Por: Gustavo Álvarez Gardeazábal
Cuando fui alcalde de Tuluá por primera vez en las elecciones de 1988, existía el Bar Metrópolis. Era el único bar de rock que existía entonces. Yo lo frecuentaba tanto que cuando había sacado unos años antes mi novela “El último gamonal”, me atreví a cometer la herejía de hacer el lanzamiento en ese bar.
Al llegar a la alcaldía me entusiasmé con hacer un concierto de rock cerrando la carrera 25 frente a Metrópolis, que quedaba justo al tope del hoy desaparecido colegio de las Madres Franciscanas, donde orgullosamente cursé la primaria. Por supuesto que escandalicé a la pacatería tulueña y en especial a los momificados políticos a quienes había desplazado.
En ese tiempo, hace ya 35 años, no habían cogido los muchachos las costumbres tribales del pogo y no simulaban los combates imaginarios con que ahora adornan todo concierto rock.
Fue un éxito total. Hay una fotografía donde la muchachada me alza en hombros y me pasea como torero triunfador. Todo eso, empero, fue posible porque el dueño de Metrópolis, Alonso Cardona, un paisa entucador que había llegado a Tuluá a romper la tradición, me convocó a los centenares de asistentes y los convenció de que se portaran bien.

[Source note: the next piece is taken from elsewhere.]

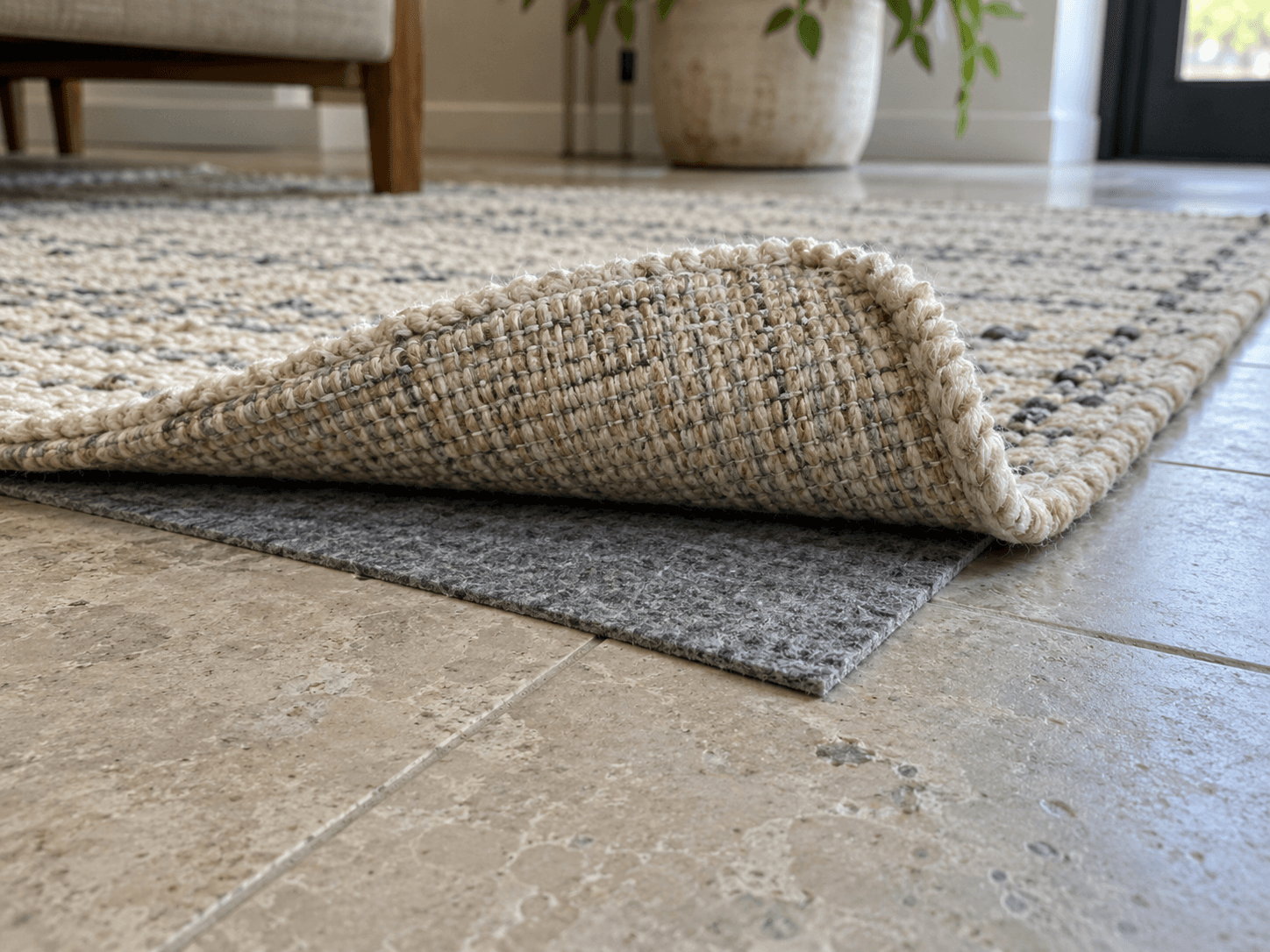 A rolled-back woven rug corner revealing a separate felt underlay on a tiled floor.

No puedo olvidar ni ese período de mi vida ni mucho menos aquél concierto memorable que me llevó a invitar, con igual o mayor éxito después a conciertos similares al grupo Kronos de Fresquet de Cali y luego a Elkin Ramírez y su mitológico Kraken de Medellín.
Era un Tuluá que buscaba rutas nuevas para no volver a caer en las malditas guerras que hoy todavía lo azotan.
Lo he recordado porque el pasado martes de un fulminante infarto murió Alonso Cardona en Medellín, donde se había retirado después que recogió bártulos huyendo tal vez de las bandas de extorsionistas que hoy controlan la ciudad. Ante su tumba una rosa amarilla que simbolice mi gratitud y la de mi pueblo.